--- WHAT TO WORK ON ---
Taking the line with "E49 - INDO ACRO PREMIUM CULTURED" as the first and the line with "Rejuvica Health Active" as the last, set down exactly every line in that range from the entries below, and no more.
*** Opening of GIVEN DATA ***
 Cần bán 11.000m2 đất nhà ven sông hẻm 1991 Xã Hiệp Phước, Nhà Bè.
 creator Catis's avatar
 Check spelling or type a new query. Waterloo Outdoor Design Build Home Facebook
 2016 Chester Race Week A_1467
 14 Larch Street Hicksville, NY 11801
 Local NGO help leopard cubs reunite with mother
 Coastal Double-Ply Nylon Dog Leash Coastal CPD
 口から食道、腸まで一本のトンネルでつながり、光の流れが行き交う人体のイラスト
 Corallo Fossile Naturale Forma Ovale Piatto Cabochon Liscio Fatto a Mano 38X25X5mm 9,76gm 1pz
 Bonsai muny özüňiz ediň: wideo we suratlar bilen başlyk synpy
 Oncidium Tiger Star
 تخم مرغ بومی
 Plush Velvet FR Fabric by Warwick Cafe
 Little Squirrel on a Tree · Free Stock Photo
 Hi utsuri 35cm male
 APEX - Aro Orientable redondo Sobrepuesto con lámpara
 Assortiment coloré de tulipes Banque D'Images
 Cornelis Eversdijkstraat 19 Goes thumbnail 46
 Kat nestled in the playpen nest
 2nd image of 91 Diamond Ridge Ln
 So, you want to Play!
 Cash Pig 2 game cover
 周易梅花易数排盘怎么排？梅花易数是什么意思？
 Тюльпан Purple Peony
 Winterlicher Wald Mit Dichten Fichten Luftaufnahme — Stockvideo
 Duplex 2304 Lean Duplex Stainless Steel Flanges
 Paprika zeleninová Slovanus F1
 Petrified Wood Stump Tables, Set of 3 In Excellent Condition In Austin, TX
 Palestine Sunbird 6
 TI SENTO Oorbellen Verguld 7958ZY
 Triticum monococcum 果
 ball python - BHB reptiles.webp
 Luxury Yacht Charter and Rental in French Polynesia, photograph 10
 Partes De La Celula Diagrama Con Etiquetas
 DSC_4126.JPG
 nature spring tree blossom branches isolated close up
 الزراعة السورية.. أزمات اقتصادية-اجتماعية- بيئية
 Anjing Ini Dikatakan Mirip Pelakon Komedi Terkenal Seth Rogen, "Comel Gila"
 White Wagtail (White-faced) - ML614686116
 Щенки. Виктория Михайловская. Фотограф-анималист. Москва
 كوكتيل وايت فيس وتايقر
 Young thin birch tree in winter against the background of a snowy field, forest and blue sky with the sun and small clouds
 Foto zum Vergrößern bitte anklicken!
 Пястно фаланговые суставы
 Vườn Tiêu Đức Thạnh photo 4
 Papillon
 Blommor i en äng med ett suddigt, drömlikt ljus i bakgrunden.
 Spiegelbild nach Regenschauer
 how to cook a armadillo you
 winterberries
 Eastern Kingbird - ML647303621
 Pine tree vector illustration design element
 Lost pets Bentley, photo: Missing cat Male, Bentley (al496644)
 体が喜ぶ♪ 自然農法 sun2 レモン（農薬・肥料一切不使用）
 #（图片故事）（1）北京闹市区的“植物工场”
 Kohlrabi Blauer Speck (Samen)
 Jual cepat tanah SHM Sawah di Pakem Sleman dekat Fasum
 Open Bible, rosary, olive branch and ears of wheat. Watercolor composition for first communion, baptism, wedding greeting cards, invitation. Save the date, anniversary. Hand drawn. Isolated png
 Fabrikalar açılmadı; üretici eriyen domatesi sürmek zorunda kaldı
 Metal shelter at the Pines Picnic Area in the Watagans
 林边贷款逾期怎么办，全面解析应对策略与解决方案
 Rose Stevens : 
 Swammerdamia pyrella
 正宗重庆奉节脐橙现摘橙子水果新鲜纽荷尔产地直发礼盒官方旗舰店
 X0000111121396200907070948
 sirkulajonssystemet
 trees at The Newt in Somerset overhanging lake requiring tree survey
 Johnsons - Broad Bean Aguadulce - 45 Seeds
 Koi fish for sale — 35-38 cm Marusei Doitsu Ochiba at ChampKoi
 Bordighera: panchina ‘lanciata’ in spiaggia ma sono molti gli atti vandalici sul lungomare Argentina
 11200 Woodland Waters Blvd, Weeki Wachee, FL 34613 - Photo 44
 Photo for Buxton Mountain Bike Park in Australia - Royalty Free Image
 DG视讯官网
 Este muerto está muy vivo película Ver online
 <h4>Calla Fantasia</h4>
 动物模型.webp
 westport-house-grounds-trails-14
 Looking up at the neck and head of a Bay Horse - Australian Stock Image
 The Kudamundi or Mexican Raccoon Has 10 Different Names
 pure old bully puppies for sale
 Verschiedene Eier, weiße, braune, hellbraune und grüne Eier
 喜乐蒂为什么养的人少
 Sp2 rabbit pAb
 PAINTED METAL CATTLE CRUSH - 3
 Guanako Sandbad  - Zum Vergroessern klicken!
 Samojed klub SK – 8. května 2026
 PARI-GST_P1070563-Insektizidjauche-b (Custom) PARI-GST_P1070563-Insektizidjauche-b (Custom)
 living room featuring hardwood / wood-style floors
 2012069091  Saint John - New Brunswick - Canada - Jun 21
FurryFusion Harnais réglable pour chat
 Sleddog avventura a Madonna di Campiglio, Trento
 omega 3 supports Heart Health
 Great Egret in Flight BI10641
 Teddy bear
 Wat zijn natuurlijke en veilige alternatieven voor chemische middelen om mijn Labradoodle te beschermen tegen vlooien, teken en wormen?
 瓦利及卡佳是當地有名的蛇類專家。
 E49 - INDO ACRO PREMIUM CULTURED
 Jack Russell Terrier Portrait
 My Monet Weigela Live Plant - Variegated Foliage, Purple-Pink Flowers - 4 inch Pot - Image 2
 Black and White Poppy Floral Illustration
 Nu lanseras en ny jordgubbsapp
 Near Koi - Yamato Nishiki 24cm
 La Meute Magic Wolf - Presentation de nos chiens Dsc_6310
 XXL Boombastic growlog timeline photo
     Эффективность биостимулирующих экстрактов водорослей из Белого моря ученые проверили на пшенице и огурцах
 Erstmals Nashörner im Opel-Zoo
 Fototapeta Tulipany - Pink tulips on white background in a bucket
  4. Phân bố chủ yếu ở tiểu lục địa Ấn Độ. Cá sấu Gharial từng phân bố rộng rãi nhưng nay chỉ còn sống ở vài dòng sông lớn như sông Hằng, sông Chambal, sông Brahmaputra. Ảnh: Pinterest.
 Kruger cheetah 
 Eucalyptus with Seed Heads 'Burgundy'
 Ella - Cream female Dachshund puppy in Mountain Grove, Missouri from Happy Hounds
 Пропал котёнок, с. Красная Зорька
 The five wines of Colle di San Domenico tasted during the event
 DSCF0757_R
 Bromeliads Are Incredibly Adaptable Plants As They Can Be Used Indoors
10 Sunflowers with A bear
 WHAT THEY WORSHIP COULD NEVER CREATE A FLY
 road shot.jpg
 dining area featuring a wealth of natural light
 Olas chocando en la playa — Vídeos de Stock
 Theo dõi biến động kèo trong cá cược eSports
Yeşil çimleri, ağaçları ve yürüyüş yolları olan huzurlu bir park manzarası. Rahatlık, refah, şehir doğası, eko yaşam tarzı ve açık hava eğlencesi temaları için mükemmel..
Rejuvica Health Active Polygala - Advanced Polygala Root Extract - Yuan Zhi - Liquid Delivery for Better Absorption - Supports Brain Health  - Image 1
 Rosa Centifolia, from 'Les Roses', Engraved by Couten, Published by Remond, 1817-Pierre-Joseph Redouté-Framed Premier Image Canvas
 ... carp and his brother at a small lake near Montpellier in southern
*** Close of GIVEN DATA ***
--- RESPONSE BELOW ---
 E49 - INDO ACRO PREMIUM CULTURED
 Jack Russell Terrier Portrait
 My Monet Weigela Live Plant - Variegated Foliage, Purple-Pink Flowers - 4 inch Pot - Image 2
 Black and White Poppy Floral Illustration
 Nu lanseras en ny jordgubbsapp
 Near Koi - Yamato Nishiki 24cm
 La Meute Magic Wolf - Presentation de nos chiens Dsc_6310
 XXL Boombastic growlog timeline photo
     Эффективность биостимулирующих экстрактов водорослей из Белого моря ученые проверили на пшенице и огурцах
 Erstmals Nashörner im Opel-Zoo
 Fototapeta Tulipany - Pink tulips on white background in a bucket
  4. Phân bố chủ yếu ở tiểu lục địa Ấn Độ. Cá sấu Gharial từng phân bố rộng rãi nhưng nay chỉ còn sống ở vài dòng sông lớn như sông Hằng, sông Chambal, sông Brahmaputra. Ảnh: Pinterest.
 Kruger cheetah 
 Eucalyptus with Seed Heads 'Burgundy'
 Ella - Cream female Dachshund puppy in Mountain Grove, Missouri from Happy Hounds
 Пропал котёнок, с. Красная Зорька
 The five wines of Colle di San Domenico tasted during the event
 DSCF0757_R
 Bromeliads Are Incredibly Adaptable Plants As They Can Be Used Indoors
10 Sunflowers with A bear
 WHAT THEY WORSHIP COULD NEVER CREATE A FLY
 road shot.jpg
 dining area featuring a wealth of natural light
 Olas chocando en la playa — Vídeos de Stock
 Theo dõi biến động kèo trong cá cược eSports
Yeşil çimleri, ağaçları ve yürüyüş yolları olan huzurlu bir park manzarası. Rahatlık, refah, şehir doğası, eko yaşam tarzı ve açık hava eğlencesi temaları için mükemmel..
Rejuvica Health Active Polygala - Advanced Polygala Root Extract - Yuan Zhi - Liquid Delivery for Better Absorption - Supports Brain Health  - Image 1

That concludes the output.